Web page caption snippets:
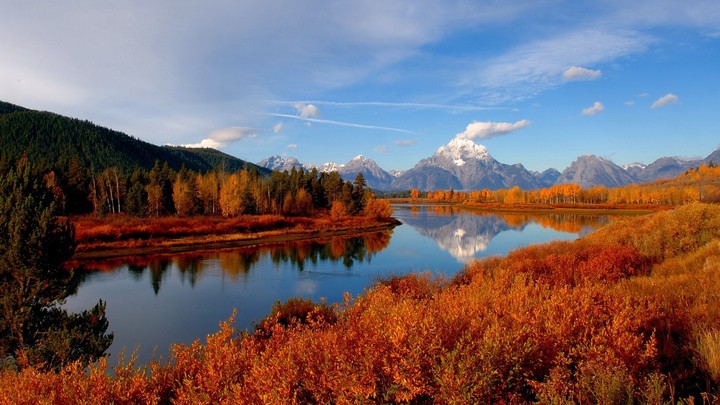 Autumn Trees by River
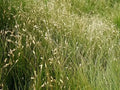 Buffalo Grass (Bouteloua dactyloides)
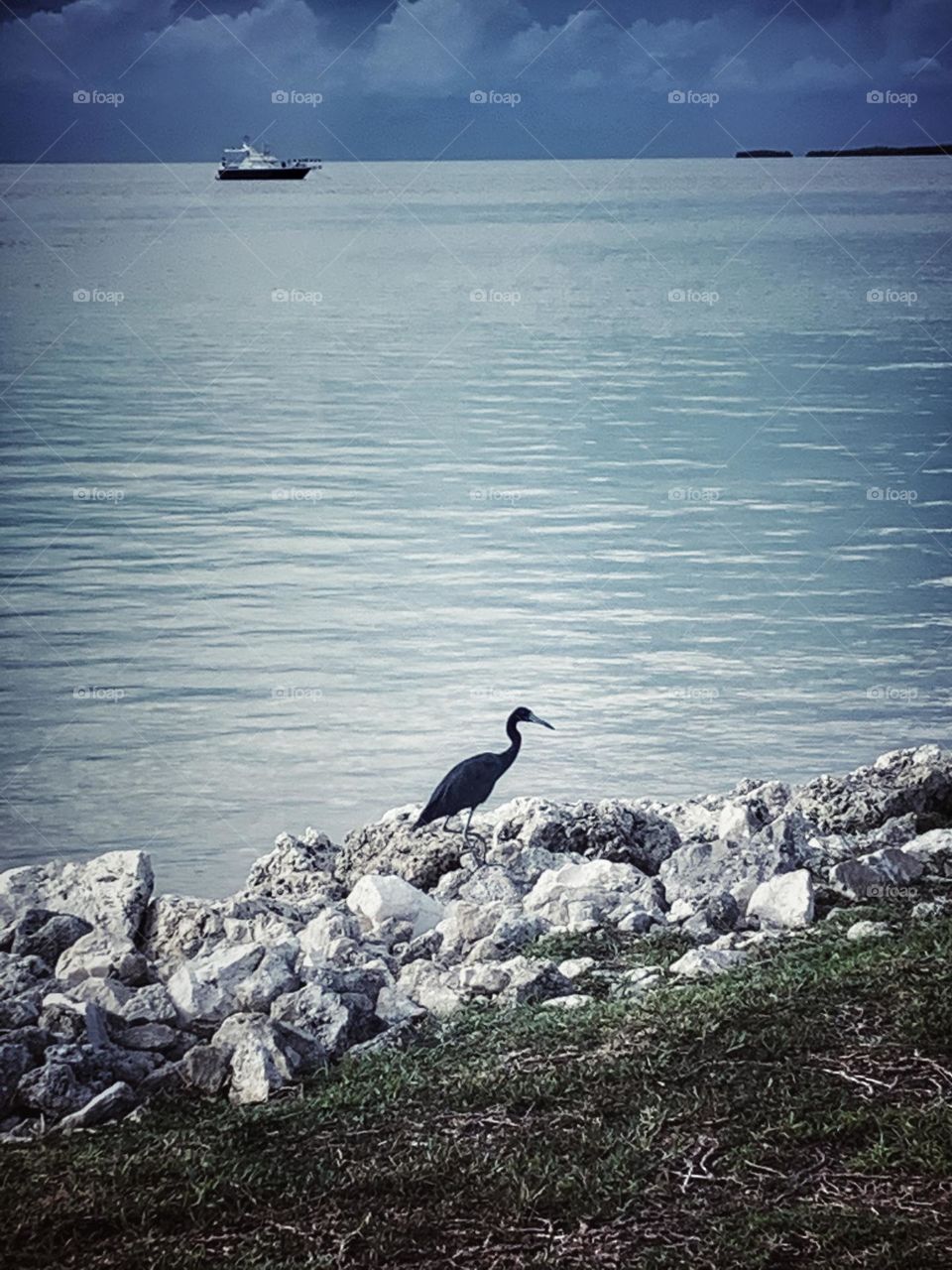 WATER BIRD ON THE EDGE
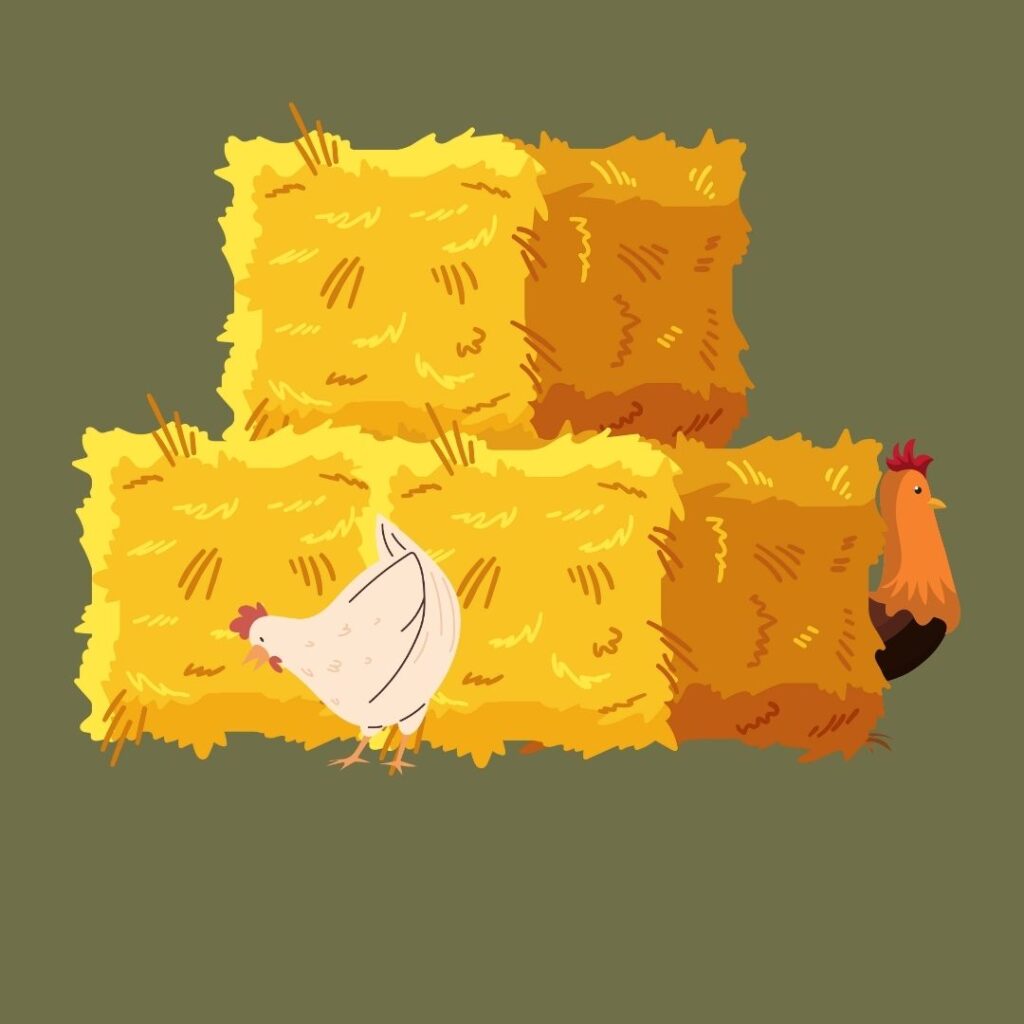 A graphic of a white hen and multicolored rooster stand on separate sides of three straw bales.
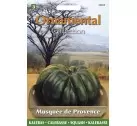 Courgette Musque De Provence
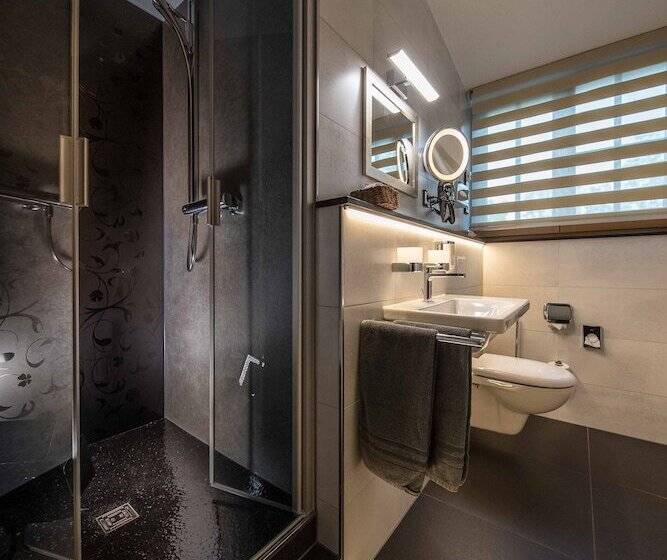 Номер Economy Индивидуальный, Parkhotel Plauen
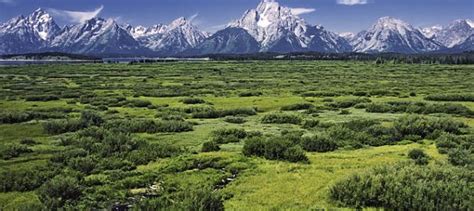 Why Jackson Hole is the Perfect Gateway to Yellowstone National Park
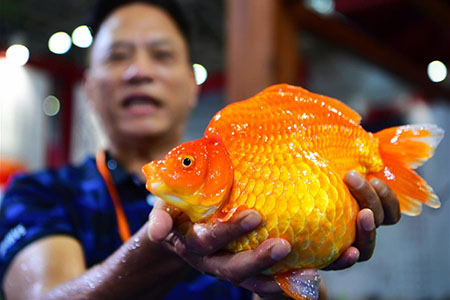 Chine: un concours international de poisson rouge dans le sud-est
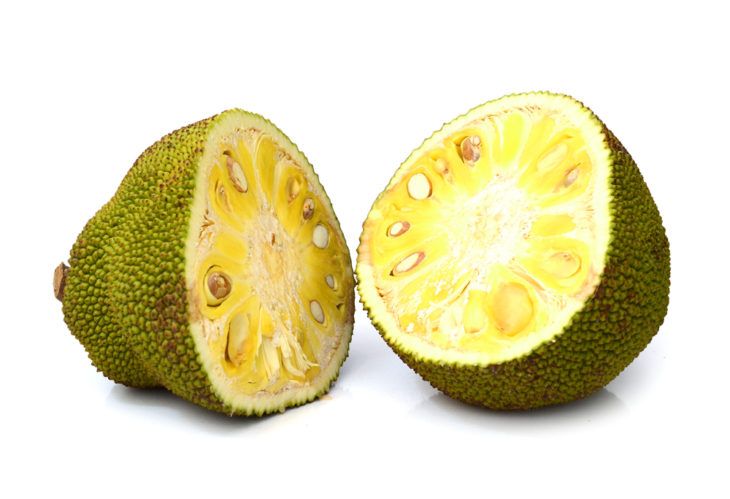 The Incredible Health Benefits of Jackfruit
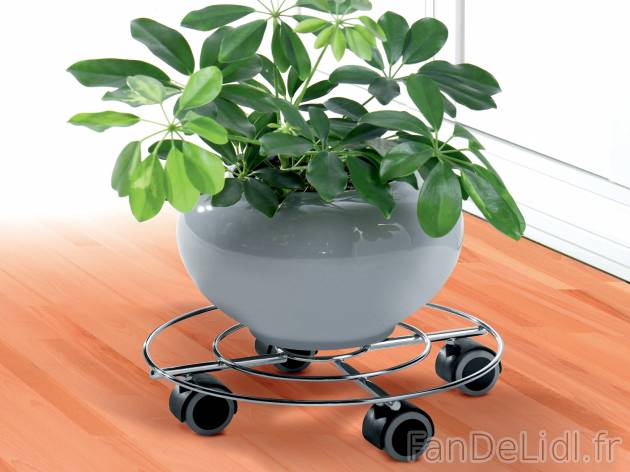 Support roulant pour plantes , le prix 4.49 € 
- Au choix : en acier chromé, ...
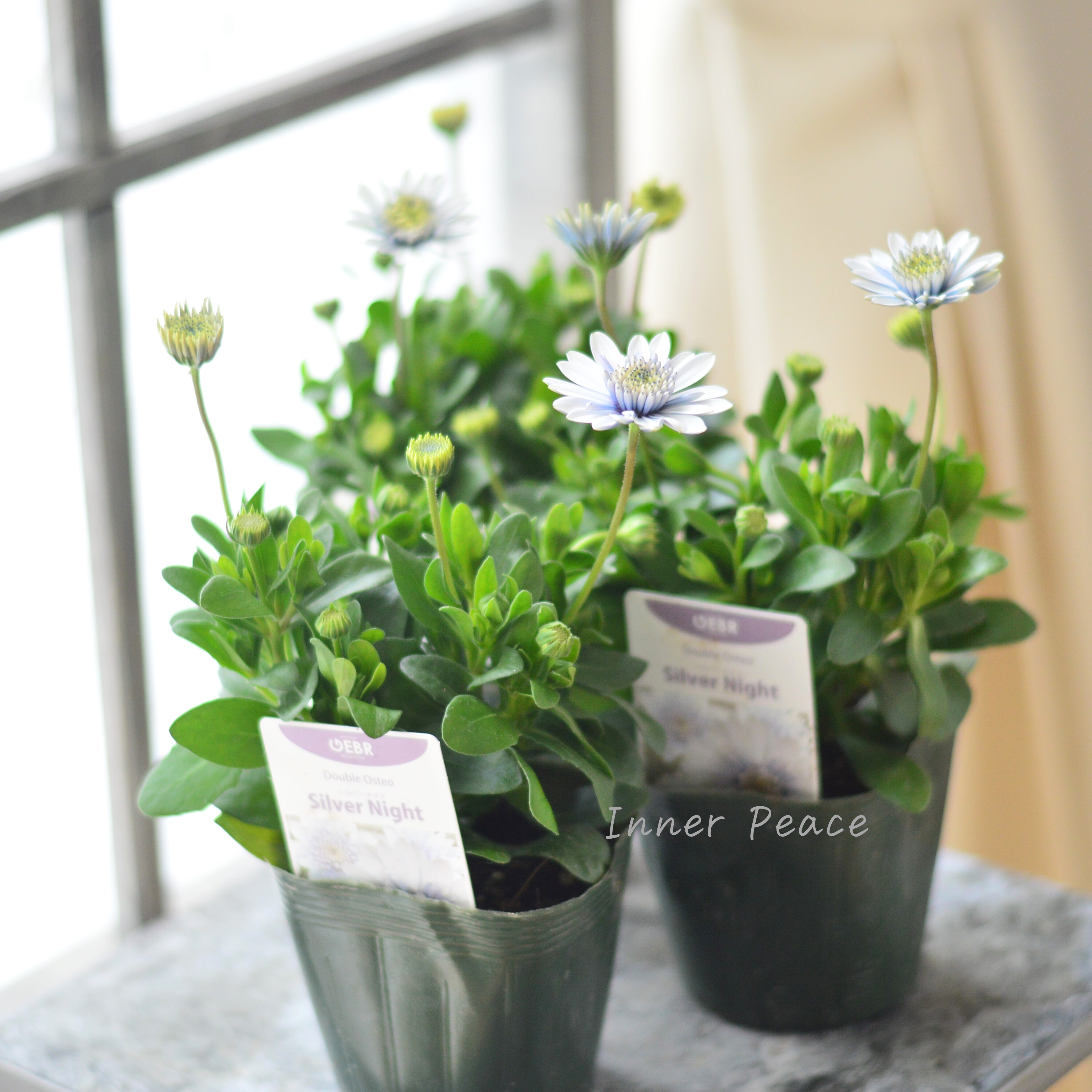 【ゲブラさん】 オステオスペルマム 『シルバーナイト』 3.5寸POT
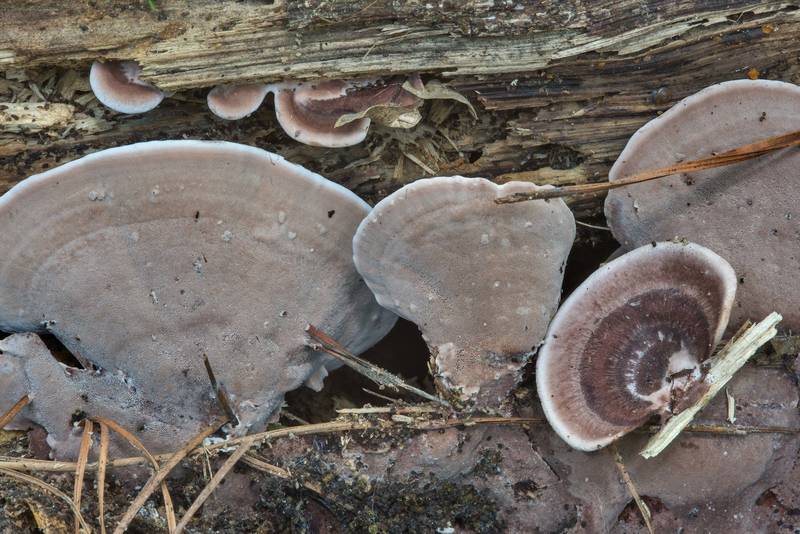 Pore surface of mushrooms Nigroporus vinosus on a rotting log in Big Creek Scenic Area of Sam Houston National Forest. Shepherd, Texas, July 14, 2018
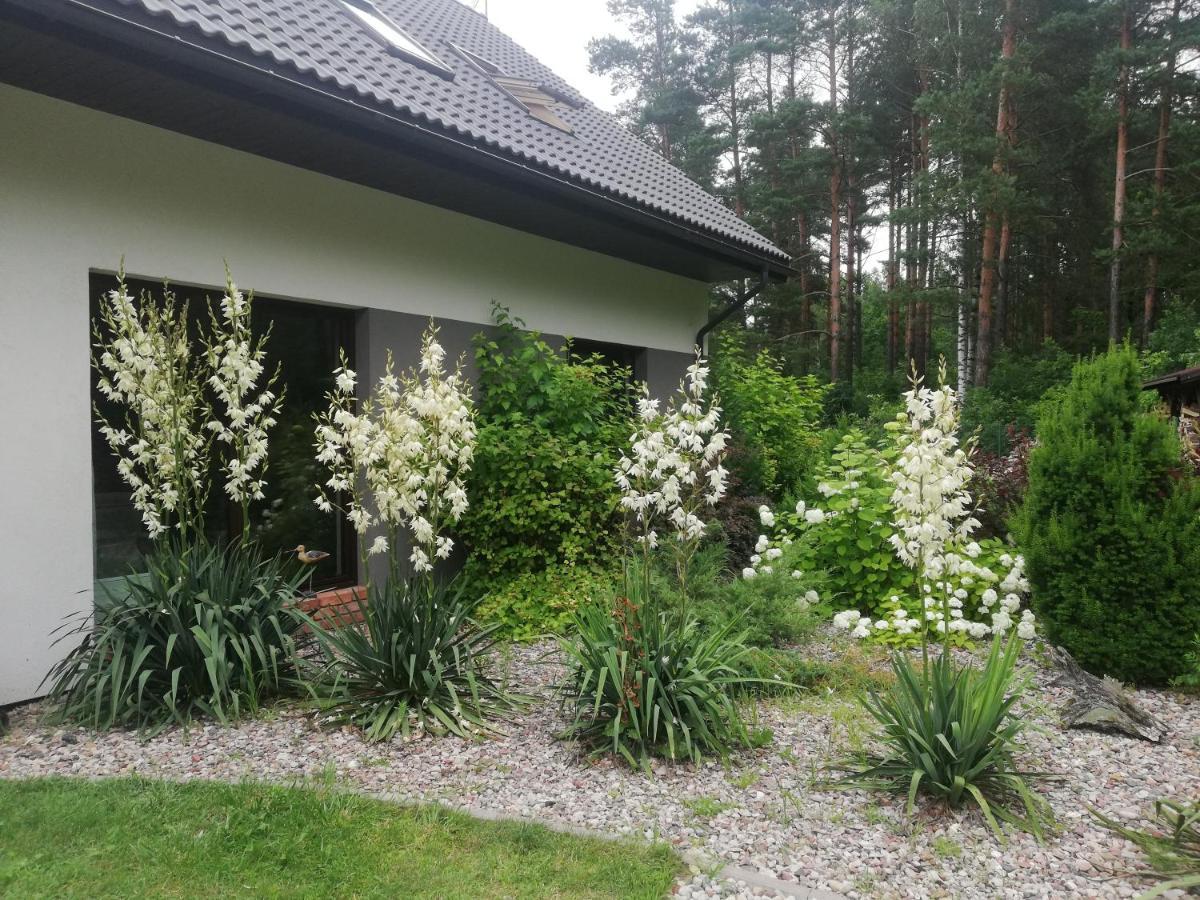 Cudodomek Spa W Mrozach Wielkich Kolo Elku Exterior photo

> _WORK TO COMPLETE_: When you reach the line with "Buffalo Grass (Bouteloua dactyloides)" in the records above, start writing out each line exactly, and stop after the line with "オステオスペルマム 『シルバーナイト』 3.5寸POT". Pictures stay out.

> _TASK RESULT_:
 Buffalo Grass (Bouteloua dactyloides)
 WATER BIRD ON THE EDGE
 A graphic of a white hen and multicolored rooster stand on separate sides of three straw bales.
 Courgette Musque De Provence
 Номер Economy Индивидуальный, Parkhotel Plauen
 Why Jackson Hole is the Perfect Gateway to Yellowstone National Park
 Chine: un concours international de poisson rouge dans le sud-est
 The Incredible Health Benefits of Jackfruit
 Support roulant pour plantes , le prix 4.49 € 
- Au choix : en acier chromé, ...
 【ゲブラさん】 オステオスペルマム 『シルバーナイト』 3.5寸POT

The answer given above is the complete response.